Exercise details:
Locate each line in the records containing "wedding". Copy it.
Supplied material START
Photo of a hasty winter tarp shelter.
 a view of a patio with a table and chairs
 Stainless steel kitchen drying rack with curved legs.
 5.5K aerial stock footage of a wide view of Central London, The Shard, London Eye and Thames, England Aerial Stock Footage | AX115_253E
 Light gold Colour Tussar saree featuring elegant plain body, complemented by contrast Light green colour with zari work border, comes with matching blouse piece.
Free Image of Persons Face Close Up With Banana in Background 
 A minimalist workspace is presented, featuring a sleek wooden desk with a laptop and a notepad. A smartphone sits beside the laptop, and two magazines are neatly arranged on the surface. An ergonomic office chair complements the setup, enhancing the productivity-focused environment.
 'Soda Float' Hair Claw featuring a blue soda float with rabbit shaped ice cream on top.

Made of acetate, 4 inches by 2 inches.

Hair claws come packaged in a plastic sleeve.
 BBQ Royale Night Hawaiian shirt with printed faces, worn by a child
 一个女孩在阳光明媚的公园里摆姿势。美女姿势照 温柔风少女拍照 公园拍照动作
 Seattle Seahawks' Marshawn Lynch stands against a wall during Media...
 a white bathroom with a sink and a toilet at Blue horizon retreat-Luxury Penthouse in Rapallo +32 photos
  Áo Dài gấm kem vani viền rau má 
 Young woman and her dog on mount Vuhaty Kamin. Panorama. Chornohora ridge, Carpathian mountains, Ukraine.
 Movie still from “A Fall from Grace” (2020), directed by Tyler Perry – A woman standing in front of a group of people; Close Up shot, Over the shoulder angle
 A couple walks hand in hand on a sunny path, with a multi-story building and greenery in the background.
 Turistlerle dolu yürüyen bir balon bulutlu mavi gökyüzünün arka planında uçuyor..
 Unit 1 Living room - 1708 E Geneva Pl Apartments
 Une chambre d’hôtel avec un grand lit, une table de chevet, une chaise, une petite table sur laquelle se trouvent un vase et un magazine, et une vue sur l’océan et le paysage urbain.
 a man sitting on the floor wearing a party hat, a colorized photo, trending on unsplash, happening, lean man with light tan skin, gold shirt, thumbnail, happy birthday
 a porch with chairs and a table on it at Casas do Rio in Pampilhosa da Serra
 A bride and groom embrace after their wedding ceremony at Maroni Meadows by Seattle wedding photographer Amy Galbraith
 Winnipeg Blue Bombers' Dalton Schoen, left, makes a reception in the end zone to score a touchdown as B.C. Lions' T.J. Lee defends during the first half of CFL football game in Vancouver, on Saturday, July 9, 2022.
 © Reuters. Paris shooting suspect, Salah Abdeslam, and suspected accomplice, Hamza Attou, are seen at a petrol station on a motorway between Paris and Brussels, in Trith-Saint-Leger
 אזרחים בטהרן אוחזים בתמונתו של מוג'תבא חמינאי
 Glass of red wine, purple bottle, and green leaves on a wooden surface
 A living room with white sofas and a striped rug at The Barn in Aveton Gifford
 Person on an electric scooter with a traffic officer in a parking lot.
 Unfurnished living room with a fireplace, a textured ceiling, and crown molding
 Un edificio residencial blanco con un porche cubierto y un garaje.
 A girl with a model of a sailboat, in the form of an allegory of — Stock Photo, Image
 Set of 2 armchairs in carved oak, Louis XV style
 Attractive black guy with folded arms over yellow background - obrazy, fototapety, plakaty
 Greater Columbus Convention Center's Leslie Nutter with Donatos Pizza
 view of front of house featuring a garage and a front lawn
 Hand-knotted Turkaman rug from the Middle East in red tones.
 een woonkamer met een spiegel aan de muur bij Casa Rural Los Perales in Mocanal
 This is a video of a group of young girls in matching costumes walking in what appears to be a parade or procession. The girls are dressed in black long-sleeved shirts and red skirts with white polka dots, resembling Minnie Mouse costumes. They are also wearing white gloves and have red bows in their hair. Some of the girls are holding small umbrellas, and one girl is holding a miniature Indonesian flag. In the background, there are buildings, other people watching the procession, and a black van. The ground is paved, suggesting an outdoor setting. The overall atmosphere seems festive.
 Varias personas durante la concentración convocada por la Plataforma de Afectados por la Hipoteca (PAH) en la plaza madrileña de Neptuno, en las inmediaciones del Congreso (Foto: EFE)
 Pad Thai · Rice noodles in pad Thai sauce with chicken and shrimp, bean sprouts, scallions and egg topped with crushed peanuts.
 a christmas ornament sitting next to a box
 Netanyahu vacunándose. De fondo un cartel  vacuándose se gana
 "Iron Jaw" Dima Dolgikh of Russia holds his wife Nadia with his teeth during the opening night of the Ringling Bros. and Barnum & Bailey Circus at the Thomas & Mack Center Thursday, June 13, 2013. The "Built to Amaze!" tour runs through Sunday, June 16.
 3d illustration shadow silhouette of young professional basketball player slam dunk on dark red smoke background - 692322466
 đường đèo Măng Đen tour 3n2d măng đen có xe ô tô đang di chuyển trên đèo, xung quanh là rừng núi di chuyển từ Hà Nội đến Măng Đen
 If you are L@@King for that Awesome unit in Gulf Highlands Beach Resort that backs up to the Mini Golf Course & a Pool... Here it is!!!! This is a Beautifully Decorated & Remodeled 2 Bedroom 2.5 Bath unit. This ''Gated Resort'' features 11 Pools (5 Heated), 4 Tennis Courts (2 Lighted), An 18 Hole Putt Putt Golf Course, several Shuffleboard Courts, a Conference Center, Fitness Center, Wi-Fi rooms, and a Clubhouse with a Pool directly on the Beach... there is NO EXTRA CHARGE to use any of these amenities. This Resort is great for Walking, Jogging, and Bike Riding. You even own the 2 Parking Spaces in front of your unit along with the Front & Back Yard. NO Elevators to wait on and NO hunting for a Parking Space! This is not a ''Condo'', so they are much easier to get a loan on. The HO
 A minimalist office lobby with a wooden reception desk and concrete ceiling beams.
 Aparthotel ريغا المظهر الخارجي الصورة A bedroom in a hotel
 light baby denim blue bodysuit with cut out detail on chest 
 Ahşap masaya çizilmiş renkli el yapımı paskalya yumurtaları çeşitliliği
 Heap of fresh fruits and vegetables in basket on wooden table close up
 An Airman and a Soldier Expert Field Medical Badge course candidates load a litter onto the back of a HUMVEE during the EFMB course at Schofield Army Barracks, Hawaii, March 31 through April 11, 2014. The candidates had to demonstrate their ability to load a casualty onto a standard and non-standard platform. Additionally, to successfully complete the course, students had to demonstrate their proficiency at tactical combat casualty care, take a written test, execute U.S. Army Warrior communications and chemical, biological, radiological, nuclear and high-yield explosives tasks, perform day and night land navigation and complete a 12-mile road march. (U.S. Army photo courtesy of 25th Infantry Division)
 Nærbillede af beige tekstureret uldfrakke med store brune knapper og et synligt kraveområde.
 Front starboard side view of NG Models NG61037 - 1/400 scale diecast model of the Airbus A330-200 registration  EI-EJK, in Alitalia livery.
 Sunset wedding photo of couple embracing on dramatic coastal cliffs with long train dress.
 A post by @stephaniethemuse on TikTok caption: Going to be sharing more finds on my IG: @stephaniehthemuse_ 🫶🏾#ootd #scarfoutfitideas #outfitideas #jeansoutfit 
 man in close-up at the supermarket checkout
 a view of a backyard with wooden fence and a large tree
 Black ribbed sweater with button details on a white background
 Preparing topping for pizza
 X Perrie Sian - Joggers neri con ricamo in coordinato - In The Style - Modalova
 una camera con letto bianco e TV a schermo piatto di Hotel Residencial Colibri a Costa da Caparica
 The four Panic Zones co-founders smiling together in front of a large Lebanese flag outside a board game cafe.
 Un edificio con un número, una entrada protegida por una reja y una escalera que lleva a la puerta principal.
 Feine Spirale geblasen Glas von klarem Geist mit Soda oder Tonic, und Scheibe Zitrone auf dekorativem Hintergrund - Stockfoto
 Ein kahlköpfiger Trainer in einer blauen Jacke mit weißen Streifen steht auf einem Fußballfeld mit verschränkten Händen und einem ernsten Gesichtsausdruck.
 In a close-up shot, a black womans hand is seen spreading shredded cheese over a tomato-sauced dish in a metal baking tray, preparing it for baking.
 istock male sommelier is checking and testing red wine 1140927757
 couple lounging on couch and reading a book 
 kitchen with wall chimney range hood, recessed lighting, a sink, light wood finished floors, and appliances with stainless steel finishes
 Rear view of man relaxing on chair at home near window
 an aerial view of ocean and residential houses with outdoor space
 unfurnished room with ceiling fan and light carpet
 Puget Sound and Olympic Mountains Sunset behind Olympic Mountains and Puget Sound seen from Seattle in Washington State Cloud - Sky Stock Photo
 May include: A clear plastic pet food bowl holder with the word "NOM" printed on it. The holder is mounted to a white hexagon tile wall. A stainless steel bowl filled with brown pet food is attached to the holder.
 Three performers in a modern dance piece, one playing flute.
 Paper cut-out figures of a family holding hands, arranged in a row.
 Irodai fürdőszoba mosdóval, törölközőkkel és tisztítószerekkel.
Supplied material END
Exercise response:
 A bride and groom embrace after their wedding ceremony at Maroni Meadows by Seattle wedding photographer Amy Galbraith
 Sunset wedding photo of couple embracing on dramatic coastal cliffs with long train dress.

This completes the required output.